Aus Sicht Mountain Wilderness gibt es ökonomisch wirkungsvollere und sozial sowie ökologisch weitaus verträglichere Projekte, um die wirtschaftliche Entwicklung der Berggebiete sowie der Tourismusregionen der Walliser Alpen und der umliegenden Kantone zu fördern. Weil Winterspiele ein grosses, ausserordentliches finanzielles Engagement des Bundes verlangen und eine imageträchtige Angelegenheit von nationaler Bedeutung sind, die auch Begeisterung im Volk voraussetzt, soll die Bundesunterstützung dem Parlament als referendumsfähige Gesetzesgrundlage vorgelegt werden.
Der SGV steht der Organisation von Winterspielen skeptisch gegenüber. Für eine Zustimmung müssten nachfolgende Kriterien kumulativ erfüllt und für die Dauer der Winterspiele garantiert sein: "Sion 2026" muss mit Budgets arbeiten, die verbindliche Kostendächer ausweisen. Über die verbindlichen Zusagen hinaus, so sie gesprochen werden, darf keine Risikoabdeckungsgarantie in Aussicht gestellt werden. "Sion 2026" muss ausschliesslich auf bestehenden oder bereits geplanten Anlagen und Infrastrukturen basieren. Das Projekt muss ein konsequentes Risikomanagement aufweisen, die Verantwortlichkeiten und die Haftungsstruktur müssen klar geregelt sein. Die Sicherheit muss gewährleistet sein. "Sion 2026" muss einen ökonomisch messbaren Nutzen bringen. Dieser ist zu beziffern und nach Akteuren und Sektoren aufzuzeigen. Die fiskalpolitischen und insbesondere steuerlichen Implikationen der Beiträge des Bundes sind aufzuzeigen. Die derzeitigen Ausführungen in den erläuternden Materialien sind zu generell und genügen dem SGV deshalb nicht.
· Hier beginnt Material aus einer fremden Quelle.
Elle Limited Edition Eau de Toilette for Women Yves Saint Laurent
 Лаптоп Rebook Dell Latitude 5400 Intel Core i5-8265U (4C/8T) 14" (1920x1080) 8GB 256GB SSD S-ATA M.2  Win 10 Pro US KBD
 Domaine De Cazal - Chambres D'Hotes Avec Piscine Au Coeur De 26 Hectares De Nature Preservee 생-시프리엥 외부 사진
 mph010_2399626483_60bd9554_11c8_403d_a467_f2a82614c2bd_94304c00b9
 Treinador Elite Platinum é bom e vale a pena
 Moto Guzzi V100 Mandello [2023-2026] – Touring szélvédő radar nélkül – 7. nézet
Die SL stellt sich nicht grundsätzlich gegen Winterspiele. Allerdings erachtet sie die Winterspiele in der heutigen Form als Veranstaltung, die nicht nachhaltig durchgeführt werden kann. Es bräuchte ein fundamentales Umdenken und eine ganzheitliche Neukonzeption des Anlasses. Diese sind nicht erkennbar, weshalb SL die Kandidatur "Sion 2026" ablehnt und sich gegen eine Beteiligung des Bundes ausspricht.
Der VCS ist gegen die Durchführung der Winterspiele und lehnt eine Bundesbeteiligung ab. Das bestehende Konzept wird aufgrund der vorliegenden Informationen als ungeeignet beur-teilt, Winterspiele zu veranstalten, die bezüglich möglichst ökologischer Mobilität vorbildlich sind. Besonders bedenklich sind gemäss VCS das besonders verkehrsintensive Konzept mit langen Transportwegen und der Anschluss eines Austragungsortes (St. Moritz) fast ausschliesslich über Flugverkehr. Laut VCS ist der politische Fahrplan so zu gestalten, dass die politischen Entscheidungsträger und die Bevölkerung erst nach Vorliegen des Host City-Vertrags entscheiden, so dass sie die Auswirkungen des Anlasses beurteilen können. Der Bevölkerung soll in Form referendumsfähiger Beschlüsse mindestens ein fakultatives Mitspracherecht gewährt werden.